Dataset content =>
_ _ _ _

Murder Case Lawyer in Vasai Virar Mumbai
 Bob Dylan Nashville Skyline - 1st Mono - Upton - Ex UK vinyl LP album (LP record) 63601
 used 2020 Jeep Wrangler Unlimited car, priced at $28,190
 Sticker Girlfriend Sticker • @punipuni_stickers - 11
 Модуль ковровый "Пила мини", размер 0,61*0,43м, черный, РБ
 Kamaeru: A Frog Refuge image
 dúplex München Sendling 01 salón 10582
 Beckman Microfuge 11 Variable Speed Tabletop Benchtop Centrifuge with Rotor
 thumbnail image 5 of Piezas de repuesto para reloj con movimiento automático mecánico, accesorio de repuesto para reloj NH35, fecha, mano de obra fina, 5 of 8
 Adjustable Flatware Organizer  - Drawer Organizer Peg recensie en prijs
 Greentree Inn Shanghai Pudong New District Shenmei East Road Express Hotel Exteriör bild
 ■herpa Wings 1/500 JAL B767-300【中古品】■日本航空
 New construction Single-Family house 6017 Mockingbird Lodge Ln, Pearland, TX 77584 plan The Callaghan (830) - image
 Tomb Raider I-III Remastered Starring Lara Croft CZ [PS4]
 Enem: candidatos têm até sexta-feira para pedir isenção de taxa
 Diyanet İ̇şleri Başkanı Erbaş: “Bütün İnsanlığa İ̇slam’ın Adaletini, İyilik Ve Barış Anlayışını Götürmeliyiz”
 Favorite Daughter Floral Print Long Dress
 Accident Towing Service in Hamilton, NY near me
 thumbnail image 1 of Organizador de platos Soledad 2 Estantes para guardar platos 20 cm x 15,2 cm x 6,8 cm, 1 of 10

_ _ _ _

Task to carry out => Please give back, exactly as it stands above, the stretch from the line with "Kamaeru: A Frog Refuge image" through the line with "Beckman Microfuge 11", and no line outside it.

Task result =>
 Kamaeru: A Frog Refuge image
 dúplex München Sendling 01 salón 10582
 Beckman Microfuge 11 Variable Speed Tabletop Benchtop Centrifuge with Rotor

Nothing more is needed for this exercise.